LeveneResult(statistic=2.94395488191752, pvalue=0.09153720526741756)


1. **One-sample t-test**
2. **Two-sample t-test**
3. **Paired sample t-test**
4. **Chi-squared test**
5. **ANOVA**
6. **Mann-Whitney U test**

In [7]:
import numpy as np
import pandas as pd
import scipy.stats as stats
import matplotlib.pyplot as plt

# Set seed for reproducibility
np.random.seed(0)

# Generate random data
data1 = np.random.normal(loc=0, scale=1, size=100)  # Group 1
data2 = np.random.normal(loc=0.5, scale=1, size=100)  # Group 2
data3 = np.random.normal(loc=1, scale=1, size=100)  # Group 3
data4 = np.random.normal(loc=1.5, scale=1, size=100)  # Group 4

In [8]:
### 1. One-sample t-test

### A one-sample t-test checks if the mean of a single group is different from a known population mean.

# One-sample t-test
pop_mean = 0
t_stat, p_val = stats.ttest_1samp(data1, pop_mean)
print("One-sample t-test:")
print(f"T-statistic: {t_stat}, P-value: {p_val}")

One-sample t-test:
T-statistic: 0.5904283402851698, P-value: 0.5562489158694675


In [10]:
### 2. Two-sample t-test

### A two-sample t-test checks if the means of two independent groups are different.
# Two-sample t-test
t_stat, p_val = stats.ttest_ind(data1, data2)
print("\nTwo-sample t-test:")
print(f"T-statistic: {t_stat}, P-value: {p_val}")


Two-sample t-test:
T-statistic: -3.597192759749613, P-value: 0.0004062796020362524


In [11]:
### 3. Paired sample t-test

### A paired sample t-test checks if the means of two related groups are different.


# For the paired test, generate some related data
paired_data1 = np.random.normal(loc=0, scale=1, size=30)
paired_data2 = paired_data1 + np.random.normal(loc=0.1, scale=0.5, size=30)  # Related data

# Paired t-test
t_stat, p_val = stats.ttest_rel(paired_data1, paired_data2)
print("\nPaired sample t-test:")
print(f"T-statistic: {t_stat}, P-value: {p_val}")


Paired sample t-test:
T-statistic: -0.9849155353858514, P-value: 0.332812052295149


In [12]:
### 4. Chi-squared test

### A chi-squared test checks the relationship between categorical variables.

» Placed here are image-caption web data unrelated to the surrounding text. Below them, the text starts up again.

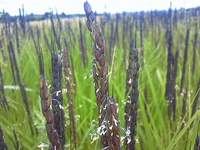 ���Ƥ����� 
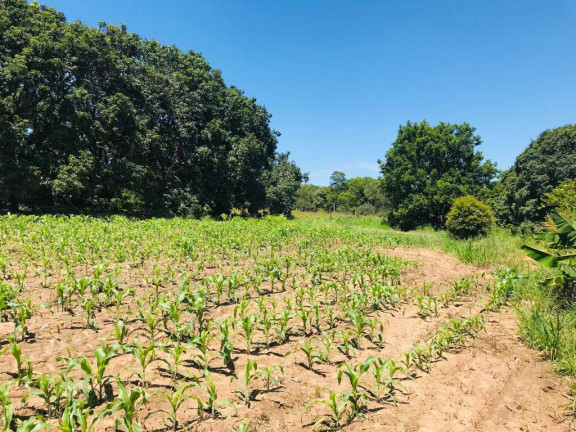 Imagem Terreno à Venda, 253.072 m² em Zona Rural - Araçoiaba Da Serra Imagem Terreno à Venda, 253.072 m² em Zona Rural - Araçoiaba Da Serra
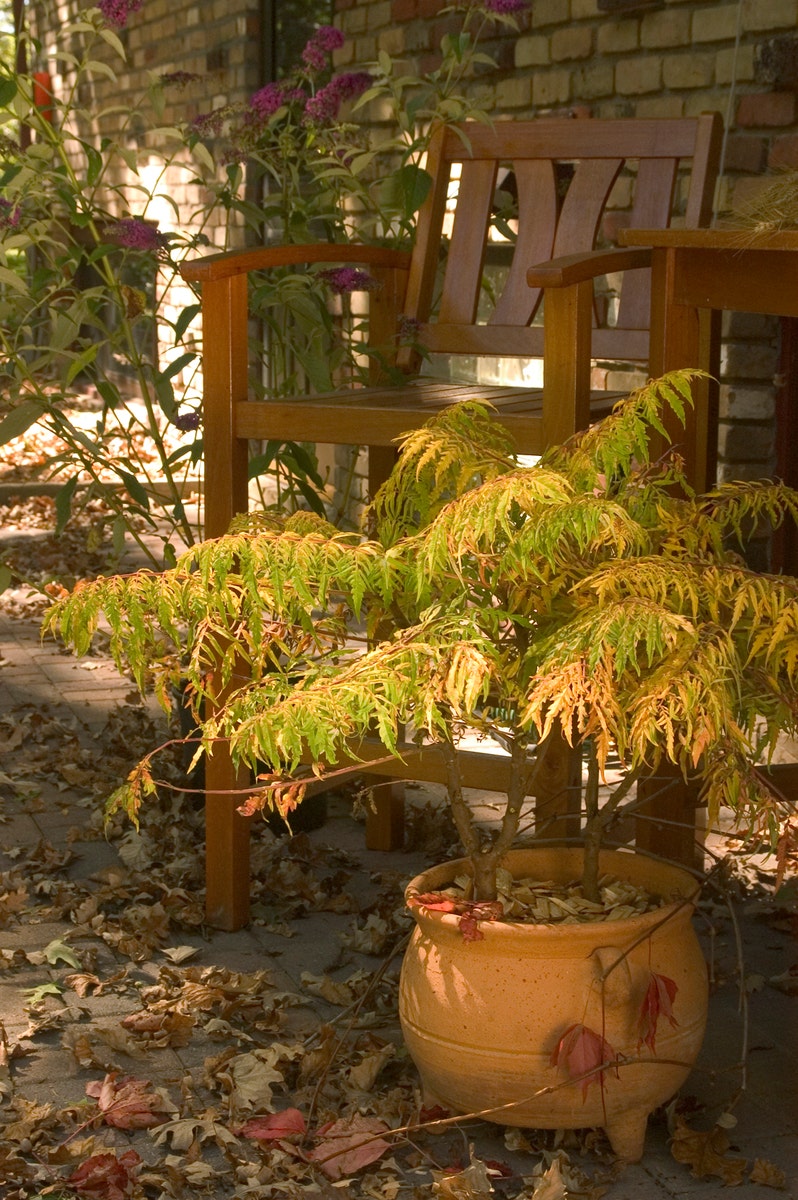 Fluweelboom (Rhus typhina 'Tiger Eyes)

Here, we'll create some categorical data.


# Create categorical data
observed = np.array([[10, 20], [20, 30]])
chi2, p_val, dof, expected = stats.chi2_contingency(observed)

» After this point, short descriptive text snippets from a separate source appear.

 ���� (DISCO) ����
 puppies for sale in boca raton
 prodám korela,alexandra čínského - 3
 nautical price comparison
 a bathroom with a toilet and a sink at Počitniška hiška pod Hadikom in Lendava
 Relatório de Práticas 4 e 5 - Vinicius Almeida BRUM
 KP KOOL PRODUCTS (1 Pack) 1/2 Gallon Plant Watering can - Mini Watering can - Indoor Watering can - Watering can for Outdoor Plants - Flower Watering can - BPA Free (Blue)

print("\nChi-squared test:")
print(f"Chi-squared: {chi2}, P-value: {p_val}")


Chi-squared test:
Chi-squared: 0.128, P-value: 0.7205147871362552


In [13]:
### 5. ANOVA

## ANOVA tests if there are significant differences between the means of three or more independent groups.

# ANOVA
f_stat, p_val = stats.f_oneway(data1, data2, data3, data4)
print("\nANOVA test:")
print(f"F-statistic: {f_stat}, P-value: {p_val}")


ANOVA test:
F-statistic: 28.880768176933508, P-value: 6.597598165696173e-17


In [14]:
### 6. Mann-Whitney U test

## The Mann-Whitney U test is a non-parametric test that checks if two independent samples come from the same distribution.


u_stat, p_val = stats.mannwhitneyu(data1, data2)
print("\nMann-Whitney U test:")
print(f"U-statistic: {u_stat}, P-value: {p_val}")


Mann-Whitney U test:
U-statistic: 3717.0, P-value: 0.0017264885889391286


### Conclusion

In this example, we covered various hypothesis tests with random data. Each test has its own assumptions and scenarios in which it is appropriate. It's essential to understand the underlying assumptions before choosing a test for your data analysis. You can run this code in your Python environment to see the results.